In 1862, Abraham Lincoln had few fans. He was pressed between the country’s dissatisfaction at the Civil War’s slow progress and the divide on the slavery issue.
One side believed slavery’s immorality demanded immediate reckoning. The other feared emancipation would further divide the nation. Both voices were loud in Lincoln’s Cabinet, where his “team of rivals” often sought their own promotion and fame over the country’s best. Nearly everybody was frustrated at Lincoln’s seeming inability to pick a side.
What appeared to be passivity was actually strategic. Lincoln trusted in his own authority enough to not capitulate to the criticisms of either extreme. While most of us would want the tension to go away, he let tension build. He allowed the values of each side emerge while he ruminated on the possibility of a third option.
Through his nomination and presidency, Lincoln maintained remarkable resolve at his primary value, one he believed bestowed upon him in the Constitution: preserve the Union.
In seasons of uncertainty, to whom should leaders listen?
Lincoln drafted the Emancipation Proclamation. With a presidential proclamation, he intended to free all slaves in Confederate states. This was more aggressive and decisive than anyone had expected.
Lincoln then gathered his Cabinet and told them my mind is made up, but I’m telling you first. The debate was over and the decision was his. After all, he already knew their opinions.
Wait. I thought leaders were supposed to listen?
Lincoln did listen. He knew who to listen to.
The former rail splitter had the strength to withstand the vitriol of response. From the most powerful group of White men in the country, he accepted but a few minor revisions.
Listening to Outsiders
And then, attentive to the ramifications of his decision for Black Americans, he invited a contingent of freed slaves to the White House.

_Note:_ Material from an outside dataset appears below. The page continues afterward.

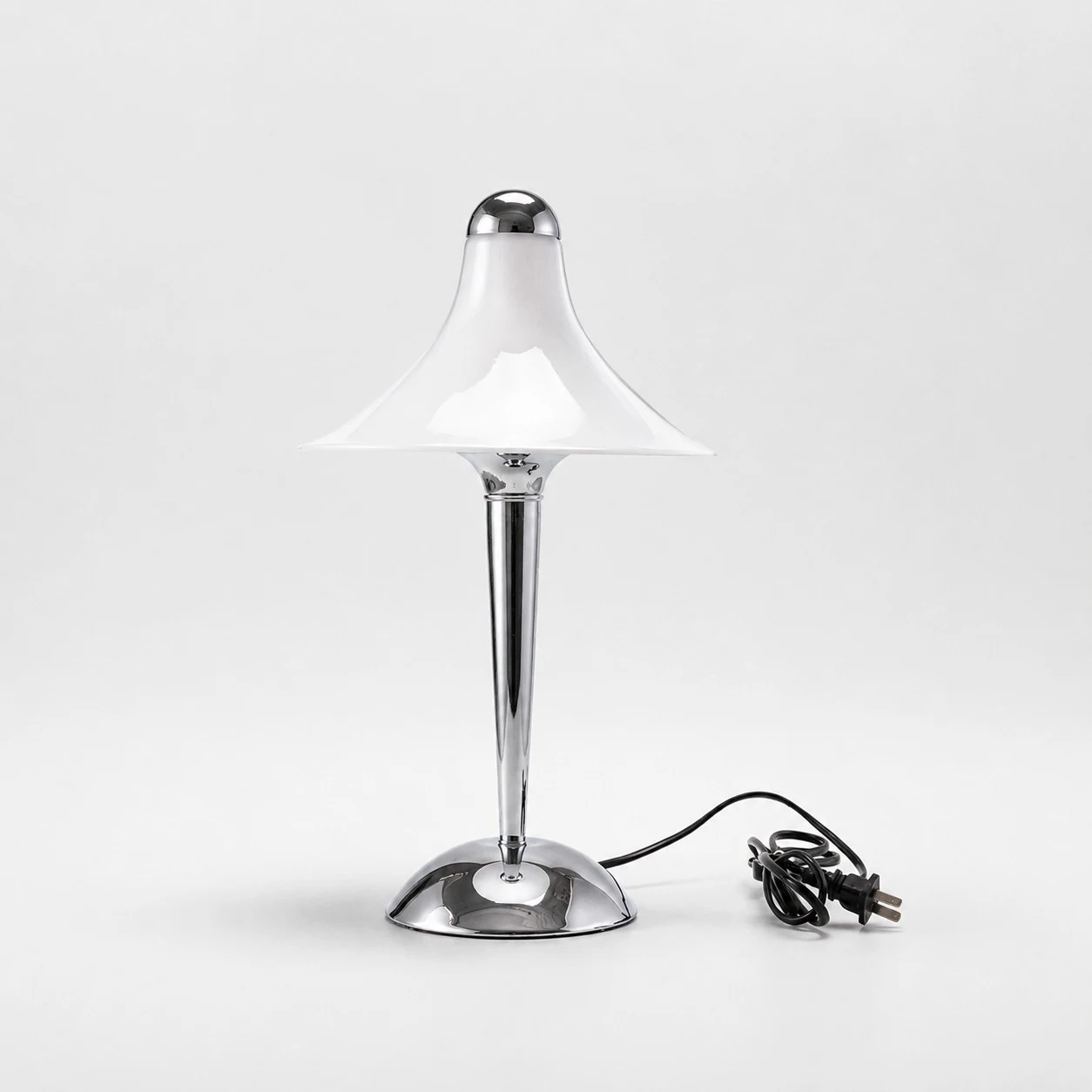 Flared white shade and chrome stem detail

He had informed his Cabinet. He listened to the marginalized. Lincoln invited some of America’s most underrepresented citizens into his inner circle and listened to them.

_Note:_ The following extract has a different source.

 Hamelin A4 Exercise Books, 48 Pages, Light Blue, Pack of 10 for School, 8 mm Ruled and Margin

Before they had a vote, he gave them a voice.
In this instance, he was willing to be wrong. In fact, he adapted his plan based on their input.
Listening in Action
Lincoln could have let uncertainty influence his resolve. He also could have shut himself off to outside voices. Instead, he moved forward with clarity of voice and an ear to everyone his decision would impact. In particular, he sought out the voices of people few others had heard.
You probably have a pretty good grasp on what people like you think. Go find people with different roles, backgrounds, responsibilities, and perspectives. Listening to diverse voices helps you make better decisions. You’ll become more empathetic, informed, and connected. As you do, you’ll become more likely to entrust others with leadership.
Don’t just hope diverse voices come across your path. Make a plan to invite them in, listen to them, and take them seriously.